2. Business opportunity

They will look closely at your business to see if there is a potential for returns based on the opportunity your business presents

3. Context

Angels will look at all of your market research to try and digest the market you will be appealing to. This is the part where they will also check to see if anyone else is doing what you’re doing , but better.

4. The Deal

This is where they want to know what you’re asking them to do, how much it will cost them, then how much it could make them in a timely manner.

Don’t expect this to be a painless process, they will be going over not only your business plan, but your personal character with a fine tooth comb in order to be confident in their money expense. At the end of the day, though, if you have supported your idea using all these four areas as guides to base your research, and you have a good reputation in your network as a trustworthy and tenacious person, you should be able to get some all important initial investments.

Sourcing: A simple breakdown

Let’s be clear, I am a novice stumbling through the perils of starting my own business. Until now I have been an idea man, creating something out of nothing. Bringing to light ideas that only exist on an imaginary plane. Most businesses fail because of a lack of preparation, poor understanding of competition, revenue, bookkeeping, but most importantly funding. I’ve been reading articles about funding from banks, investors, and angel investors and it is all convoluted language based on the assumption that you know what you’re doing. Let me clear some basics up before we move on to decoding entrepreneurial talk.

Sourcing in regards to angel investment means working towards receiving seed money to grow an idea past the idea phase.

Angel investment is an opportunity to receive money from an investor who is looking to help start other businesses in order to grow their own large supply of money.

When you as an entrepreneur hope to create something out of nothing, you will most likely need to find money to support that great idea to give you the necessary backing to succeed. One of my dear professors has reiterated several times to me the example of Hooter’s.

In order to own a hooters franchise you have to (or used to have to) have at least $3 million in liquid money in order to not only buy the franchise, furniture, food, staff, etc. but also to be able to survive for three years without making a dime.

This is why large franchises can grow and spread when it seems that they aren’t making any money, they are well supported financially from the start.

As an entrepreneur its imperative to recognize the opportunities that you have to receive funding.
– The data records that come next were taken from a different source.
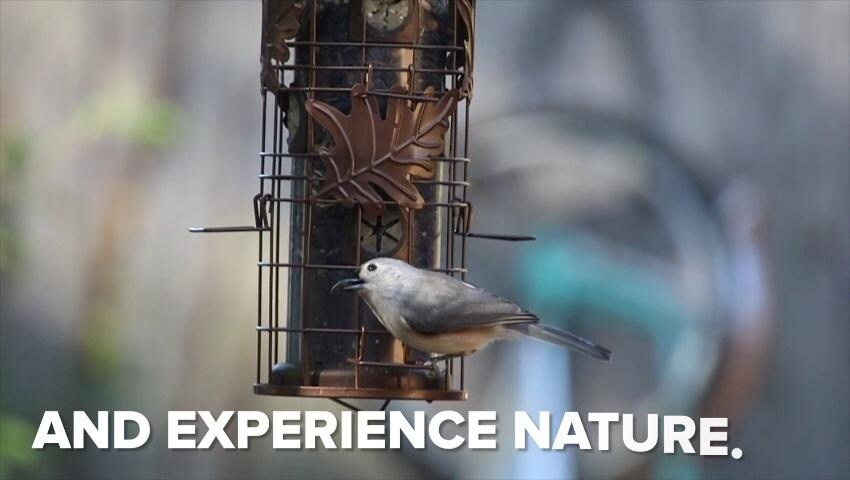 A thumbnail for the video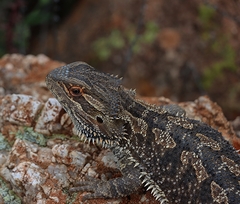 Pogona vitticeps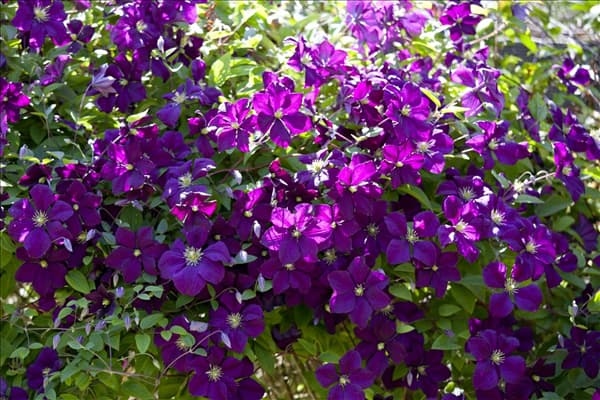 Clematis viticella 'Etoile Violette'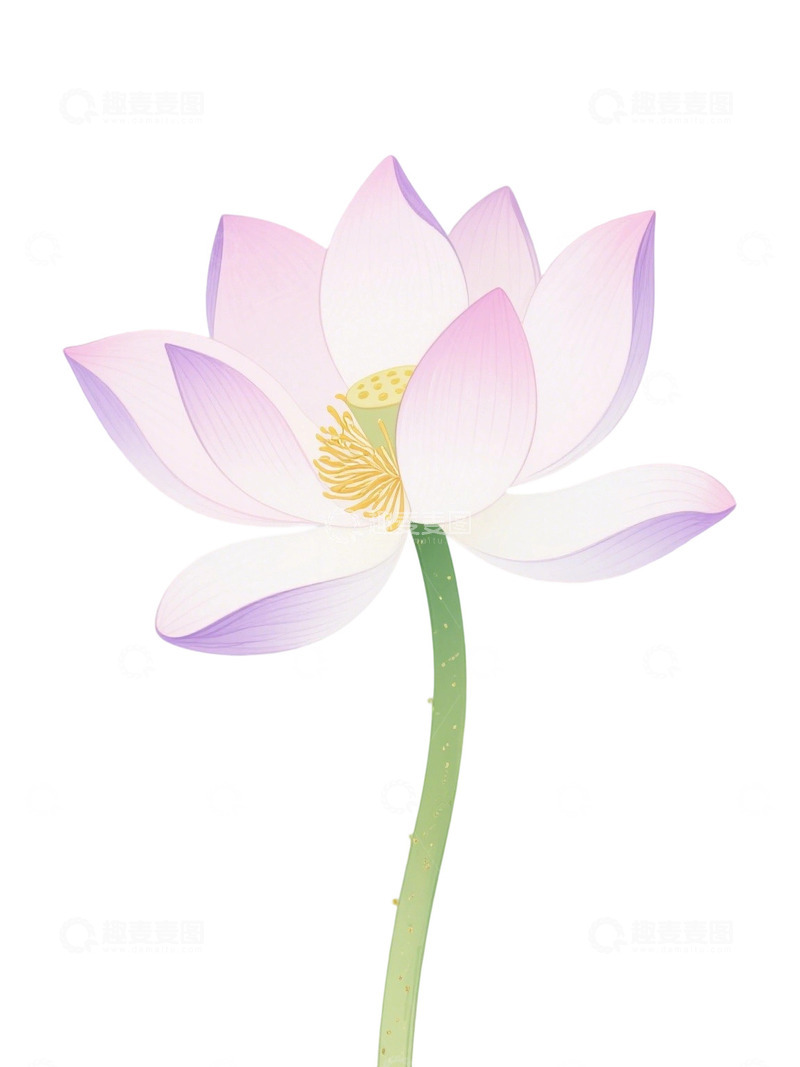 高清大图下载【趣麦麦图】荷花免扣素材31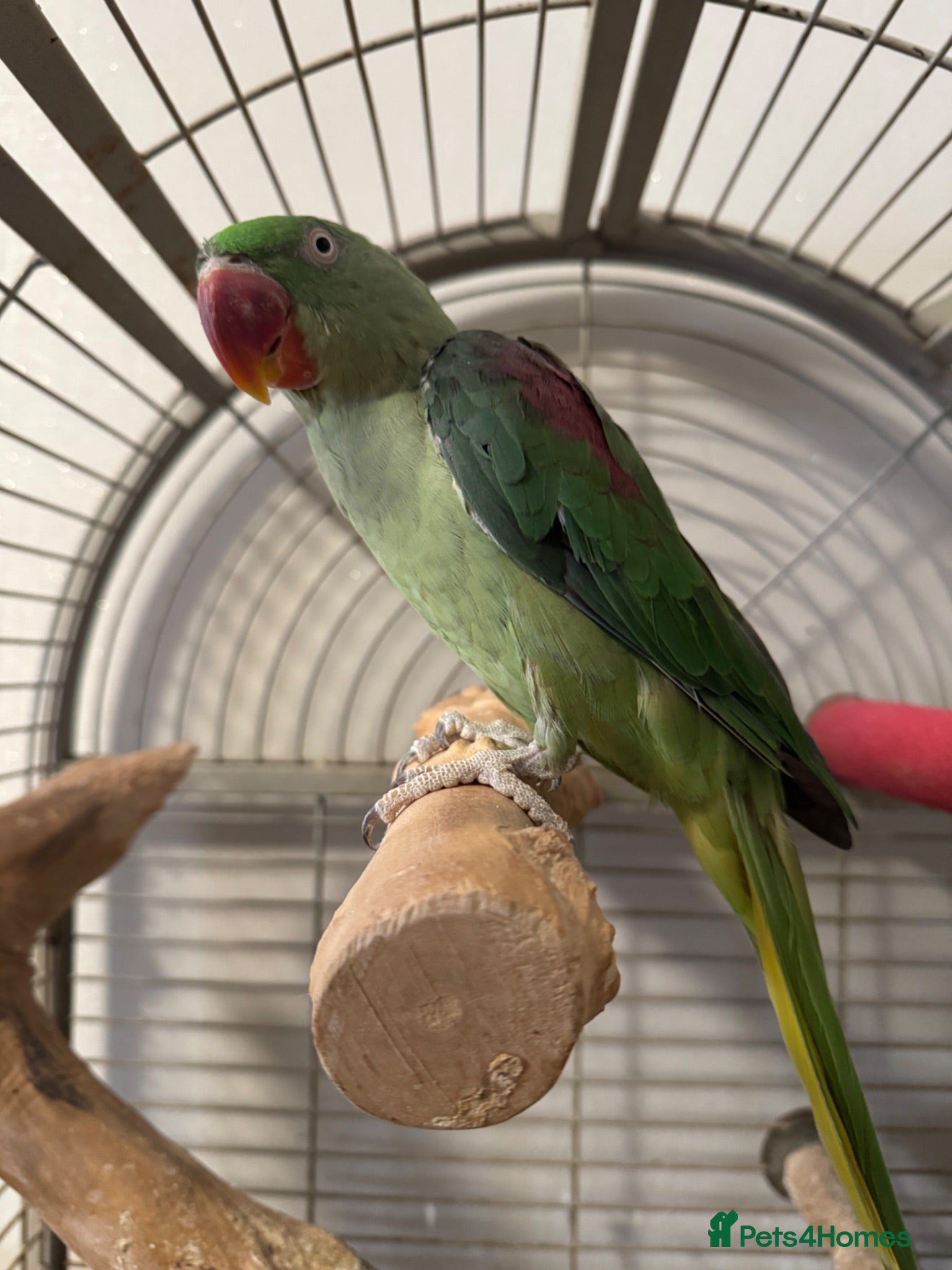 Parrots birds Alexander - Advert 1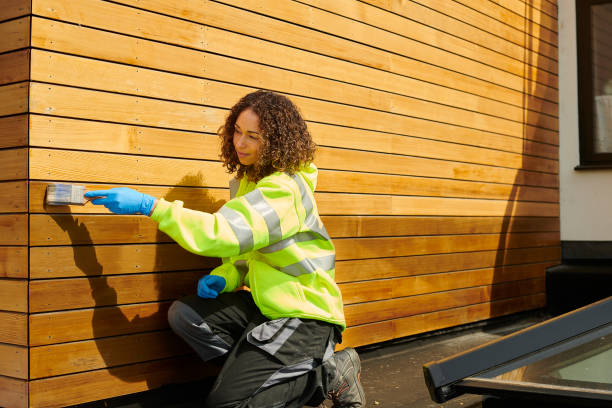 Best Siding Painting and Refinishing  in Whitmire, SC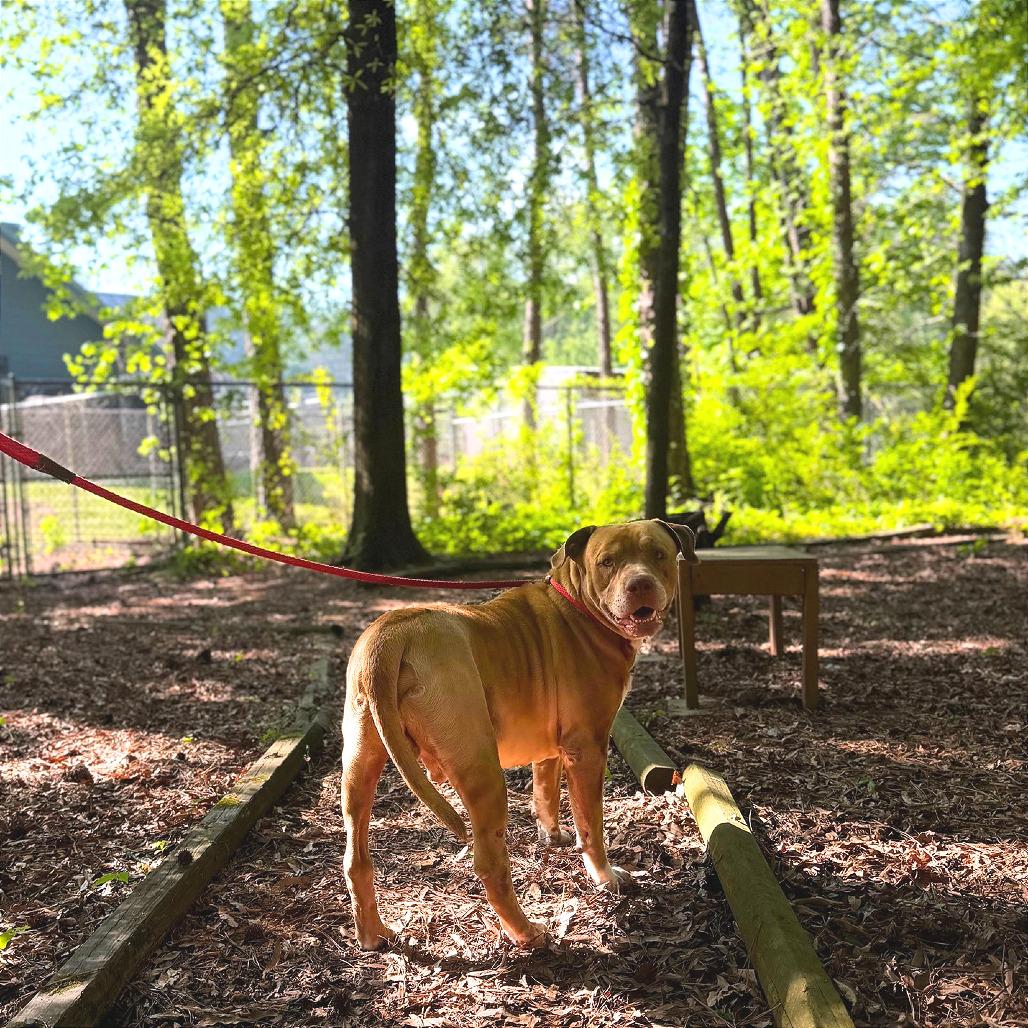 Enlarge Champ, a Adoptable Mixed Breed in Chattanooga, TN image 5/6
So now we’ll go back to sourcing. You need to build a network. Easier said then done, I know. However it starts with becoming a member of your local county’s chamber of commerce, for my county this was a $145.00 for the first year with an investment of $135.00 every year after that. Next you need to begin forming relationships with influential people in your community that know where the money is. Once you’ve gained the respect from these people, because you believe in your product or service and you are able to communicate that, they will be willing to help you expand your network of possible investors.

I hope this gives a basic overview of the process of sourcing for angel investing.

4.Where to start: Franchising?

A purist entrepreneur might shake their head at the idea of franchising or managing a company story. However these are very solid places to start learning the ins and outs of business. It is just like any educational standpoint except it could be even more hands on in some ways. Today I’d like to answer some of your questions concerning the difference between Franchisee and Manager of a franchise store.

For illustration purposes I will refer to two well known examples of management types, MacDonald’s and UPS.

Franchisee:


With enough money you can buy a MacDonald’s franchise. First you will have to pony up a $500,000+ down payment in order to be considered for a franchise location. On top of that you will have to pay a premium for the education at Burger University, along with all of their help and resources for business management and marketing. Also you will have to pay about 4.00% of what the store makes. Lastly you will have to pay rent based on what the store makes as well.

Pros:

  • You are buying a turn-key business model that is proven to work
  • You have the support of a big brother that will partner with you on marketing and let you use their already established name brand
  • Lower inventory costs
  • You receive and education about how to effectively run things

Cons:

  • You have limited room for creativity and innovation and also less autonomy
  • Ongoing payments for the life of the business to the mother-ship
  • Higher start up costs

Manager of a franchise store:

As the manager of a franchise store you will be placed in a position of authority over a complete staff and running a current system that the franchiser puts in place. Instead of worrying about all of the branding and large marketing, the parent company will take care of it for you. You will, in essence be in charge of maintaining the operations of the store and keeping everything running smoothly so you can make more money for your parent company. For instance UPS will hire someone above the age of 18 on a modest salary and benefits to someone for running all the logistics of that particular store.

Pros:

  • Steady income and benefits based on loose metrics of productivity
  • Proven model and direction in which to move

Cons:

  • Lack of control over your business
  • Only receiving a salary instead of dividends of the profit you make
  • Lack of opportunity for creativity

Overall it is a pretty cut and dry decision. If you are looking to get into a business for experience then you should start as a Manager at a current store. If you are looking for some more autonomy and have experience running a business it is most likely more lucrative, although less safe, to buy your own franchise.

2. Life experience

In the world of entrepreneurship it is essential to not only apply your life experience to your business, but also to gain an understanding of how to network and create a support group for your ideas. You must begin your journey with a solid knowledge of what not to do. This is where your life experience and your network of other entrepreneurs will help you succeed. Understanding where they went wrong and fixing the problem before it blows up in your face is imperative.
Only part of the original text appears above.